- **Your task**: Without the pictures, print each of the records below exactly as it appears.

- **Entries supplied**:

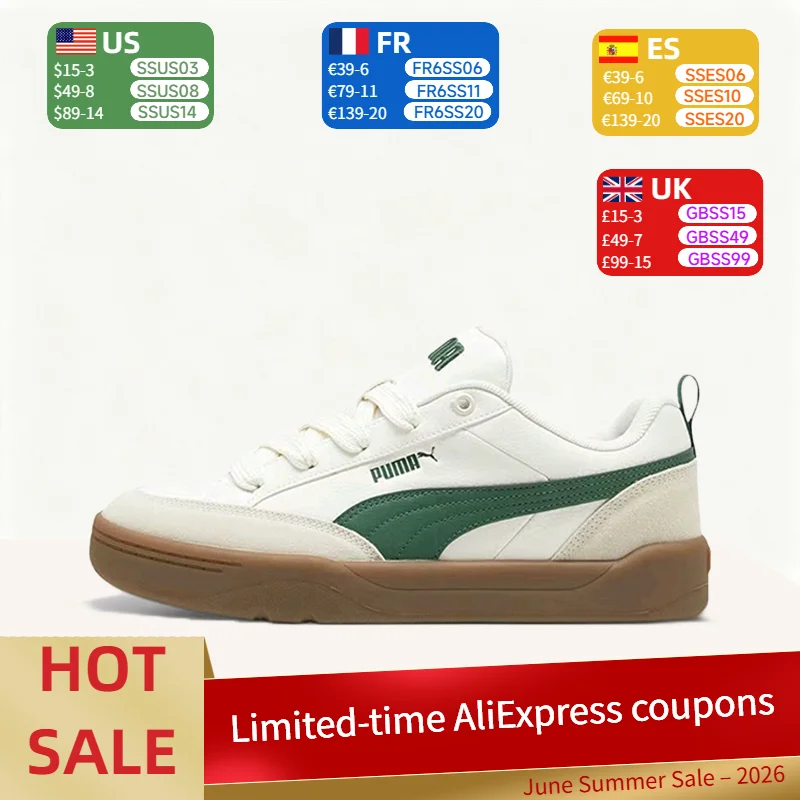 PUMA Park Lifestyle OG Casual, Comfortable, Cushioned, Durable, Breathable Low-Top Sneakers (Unisex) White/Green 397262-02
PUMA Park Lifestyle OG Casual, Comfortable, Cushioned, Durable, Breathable Low-Top Sneakers (Unisex) White/Green 397262-02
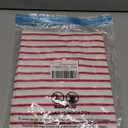 Casly Lamiit Women's Short Sleeve Double Split Maxi Dress 2025 Summer Casual Plain Striped Loose Long T Shirt Dresses, XS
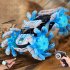 1 16 Mini Remote Control Car Gesture Induction Deformation Off road Vehicle with Light Cv a500 Blue Handle Control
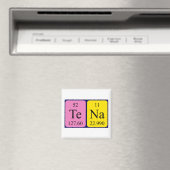 Tena periodieke table name magnet magneet (Insitu (Vaatwasser))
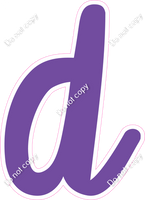 CU 23.5" Individuals - Flat Purple d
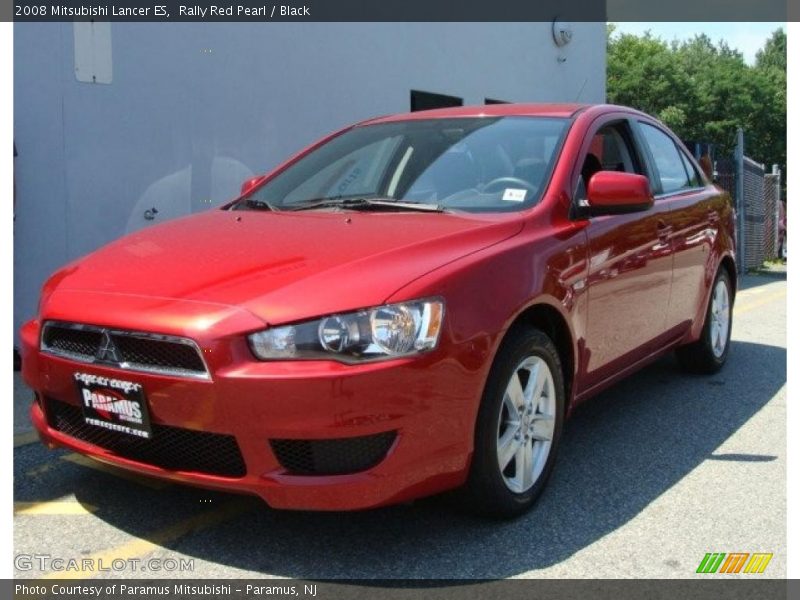 Rally Red Pearl / Black 2008 Mitsubishi Lancer ES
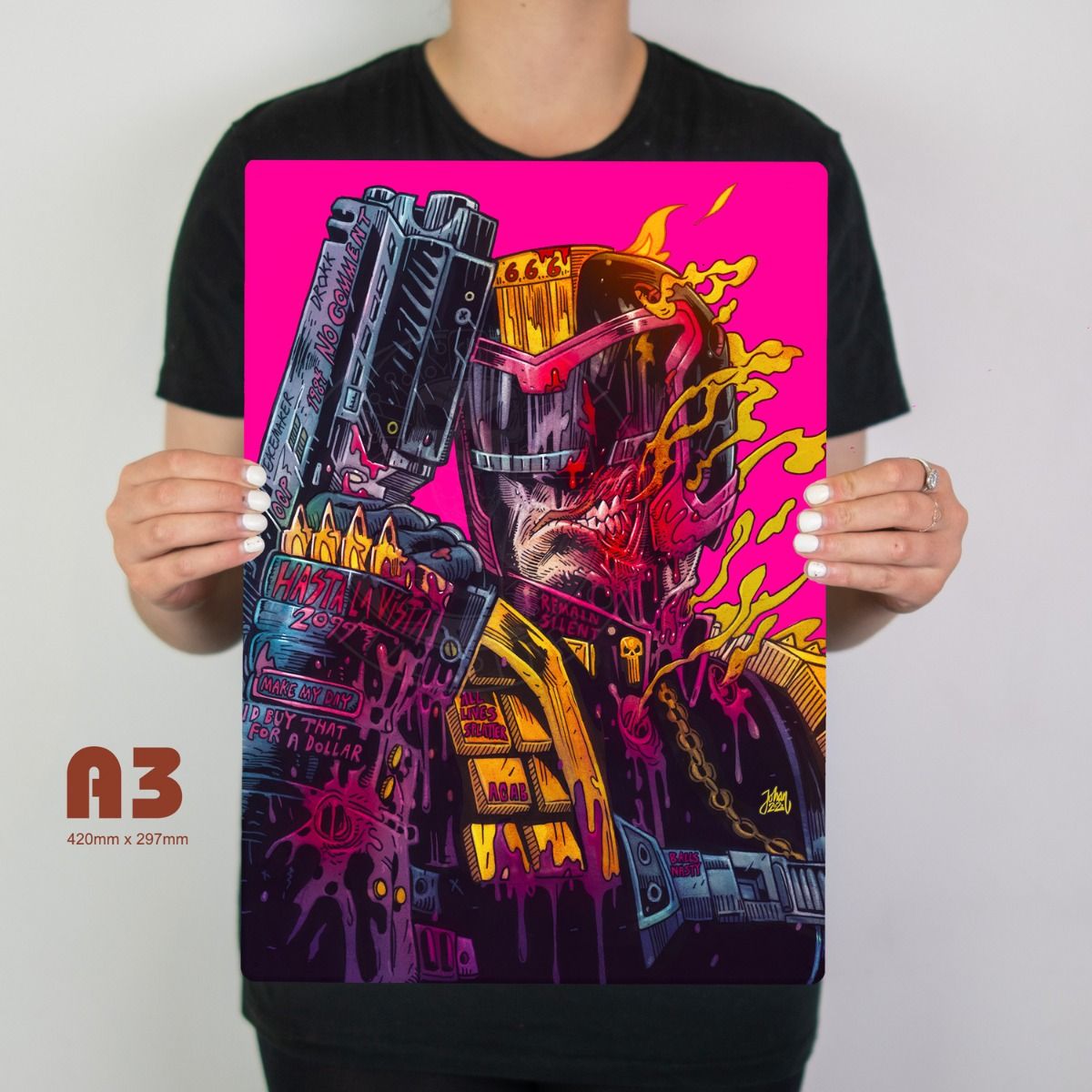 Dredd Act Dredd Plakat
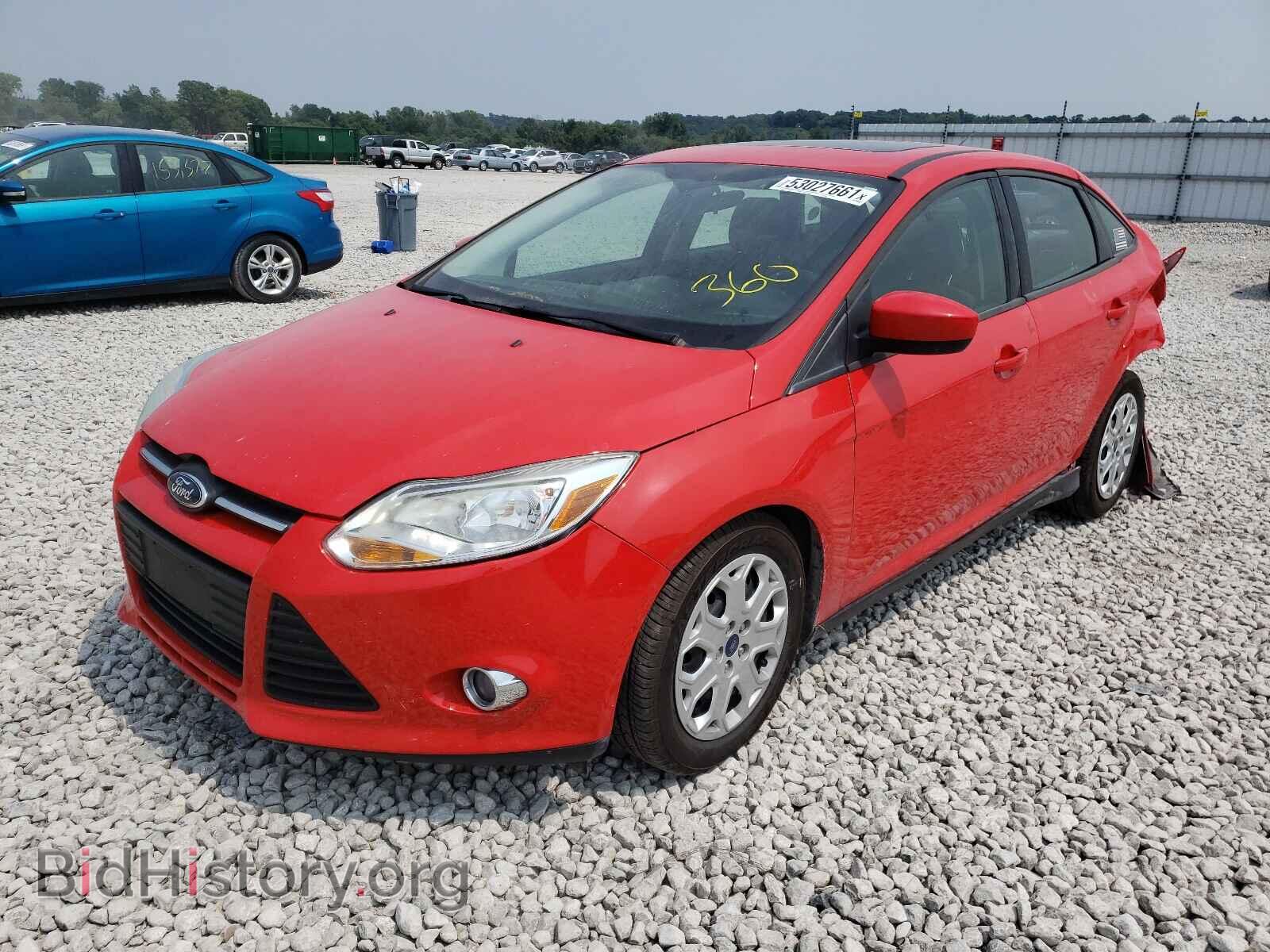 2012 FORD FOCUS - VIN: 1FAHP3F21CL444392 - Фото 2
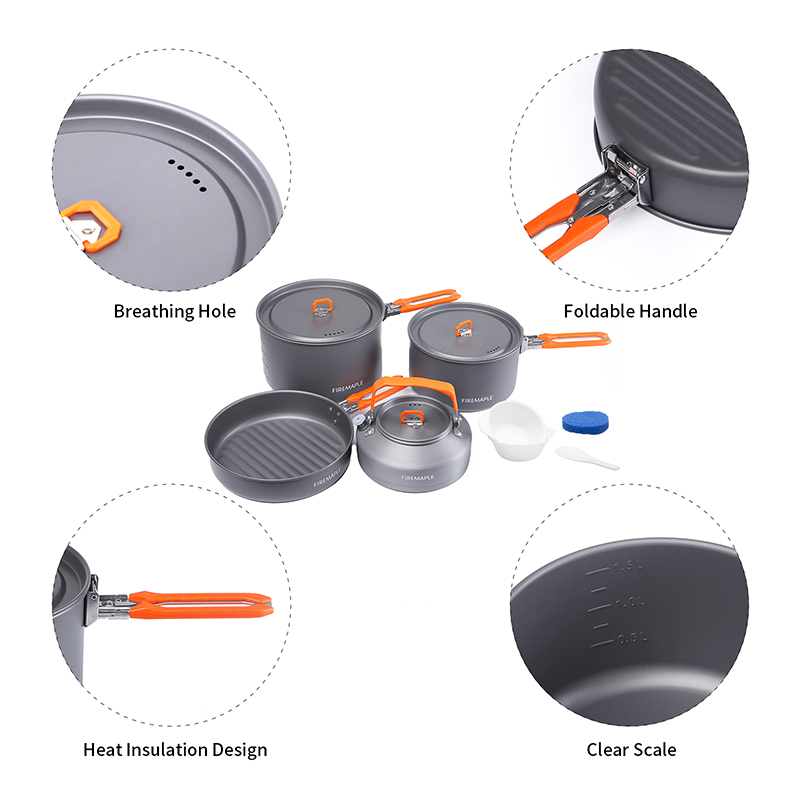 Fire Maple 4-5 Person Cookware - Camping Cooking Set For 4 ulasan dan harga
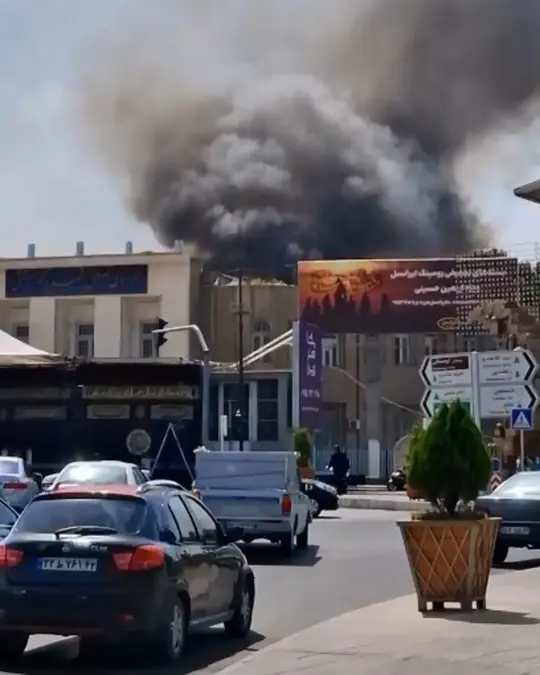 Ghaem Hospital in Mashhad Suffers Severe Fire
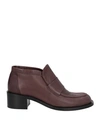 Pomme D'or Woman Ankle Boots Dark Brown Size 6 Soft Leather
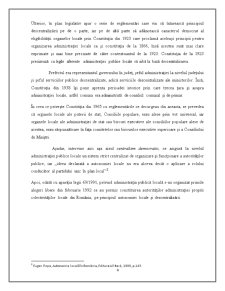 Structura și Rolul Organelor Publice Locale ale Administrației Publice Locale din România - Pagina 4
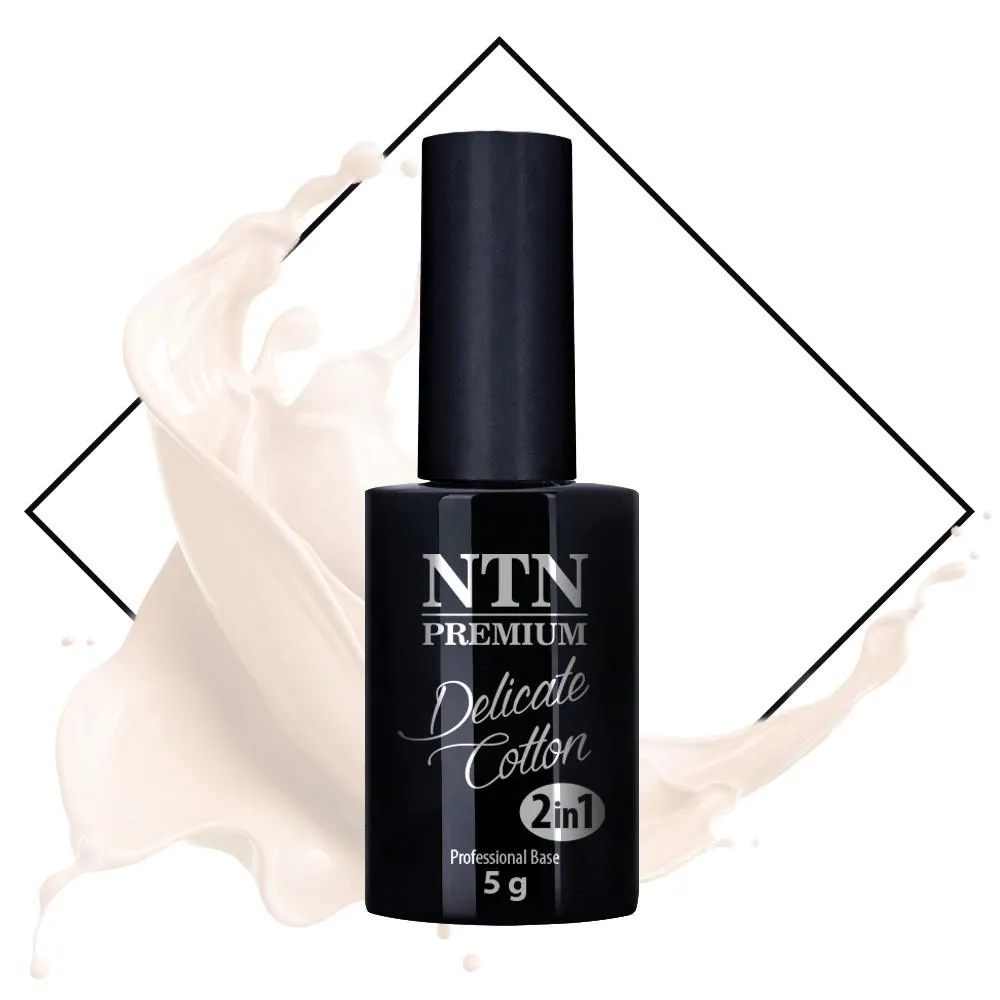 NTN Premium - Delikat bomull - 2in1 Basecoat - 5g nr7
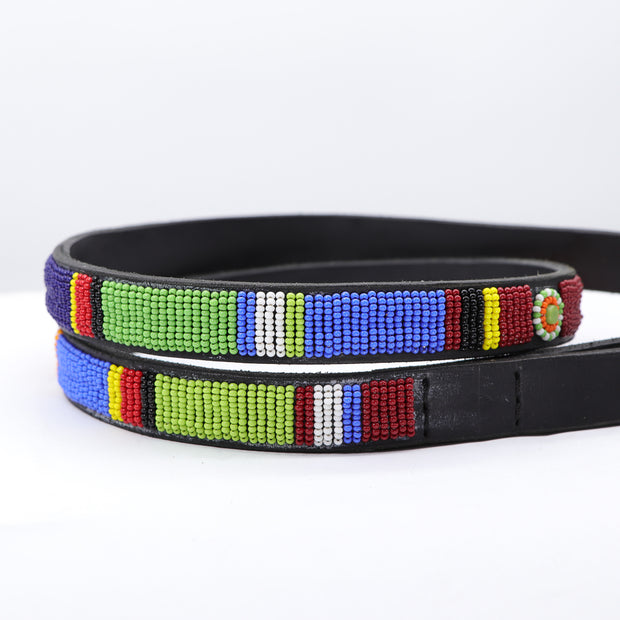 Leather Dog Leash - Handrafted in Africa - Multi Colours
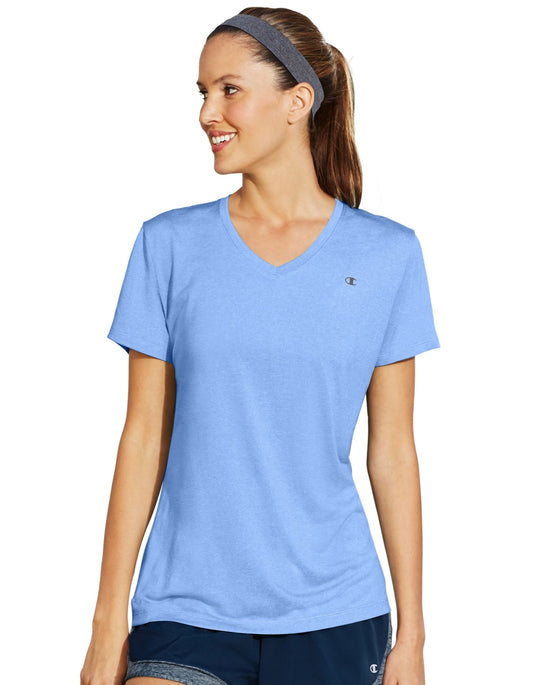 Champion Vapor® Women`s Stripe V-Neck Tee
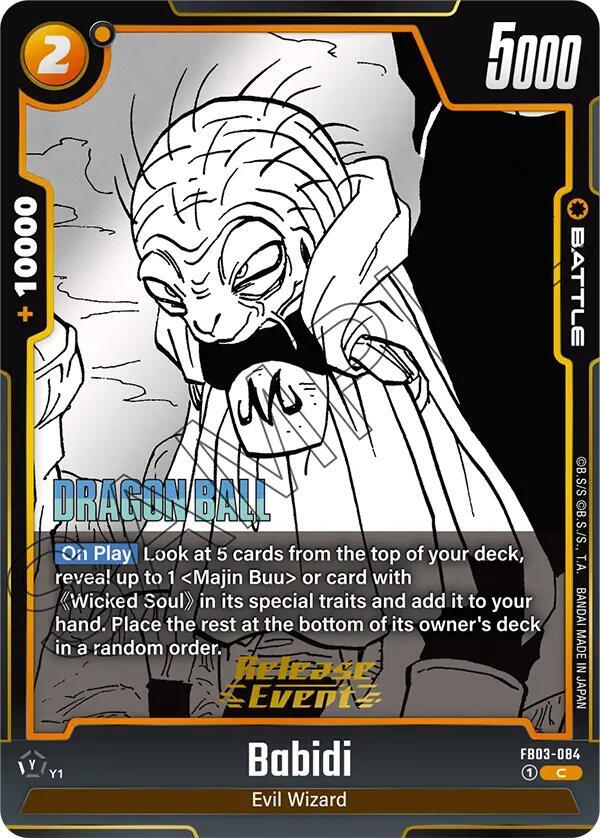 Babidi FB03-084 Manga Booster 01 Release Event Cards Fusion World card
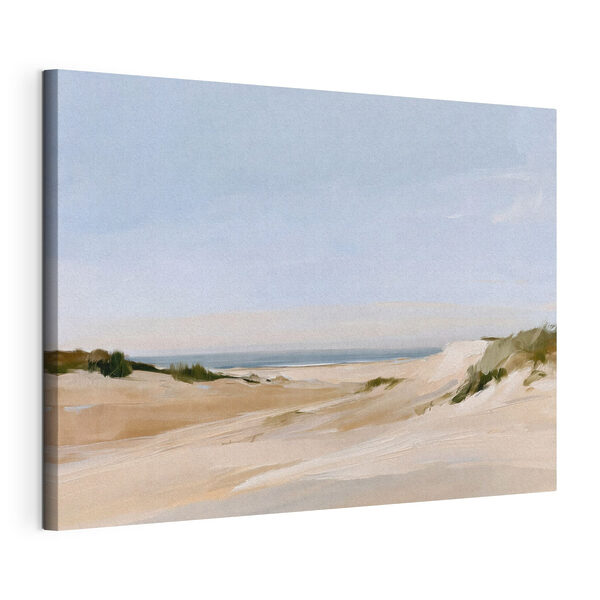 Tableaux Plage de sable avec des dunes et de l'herbe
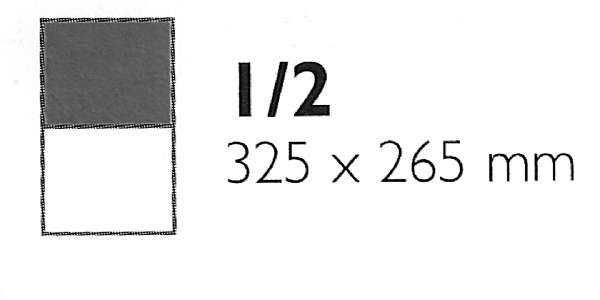 Bac gastro inox 325x265x20mm GN 1/2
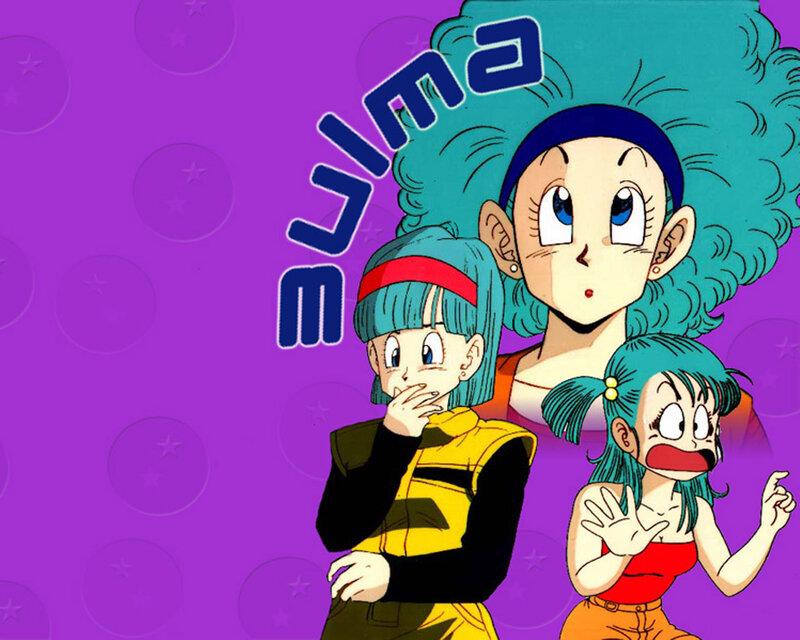 Three Characters with Blue Hair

- **Reply to the exercise**:
 PUMA Park Lifestyle OG Casual, Comfortable, Cushioned, Durable, Breathable Low-Top Sneakers (Unisex) White/Green 397262-02
PUMA Park Lifestyle OG Casual, Comfortable, Cushioned, Durable, Breathable Low-Top Sneakers (Unisex) White/Green 397262-02
 Casly Lamiit Women's Short Sleeve Double Split Maxi Dress 2025 Summer Casual Plain Striped Loose Long T Shirt Dresses, XS
 1 16 Mini Remote Control Car Gesture Induction Deformation Off road Vehicle with Light Cv a500 Blue Handle Control
 Tena periodieke table name magnet magneet (Insitu (Vaatwasser))
 CU 23.5" Individuals - Flat Purple d
 Rally Red Pearl / Black 2008 Mitsubishi Lancer ES
 Dredd Act Dredd Plakat
 2012 FORD FOCUS - VIN: 1FAHP3F21CL444392 - Фото 2
 Fire Maple 4-5 Person Cookware - Camping Cooking Set For 4 ulasan dan harga
 Ghaem Hospital in Mashhad Suffers Severe Fire
 Pomme D'or Woman Ankle Boots Dark Brown Size 6 Soft Leather
 Structura și Rolul Organelor Publice Locale ale Administrației Publice Locale din România - Pagina 4
 NTN Premium - Delikat bomull - 2in1 Basecoat - 5g nr7
 Leather Dog Leash - Handrafted in Africa - Multi Colours
 Champion Vapor® Women`s Stripe V-Neck Tee
 Babidi FB03-084 Manga Booster 01 Release Event Cards Fusion World card
 Tableaux Plage de sable avec des dunes et de l'herbe
 Bac gastro inox 325x265x20mm GN 1/2
 Three Characters with Blue Hair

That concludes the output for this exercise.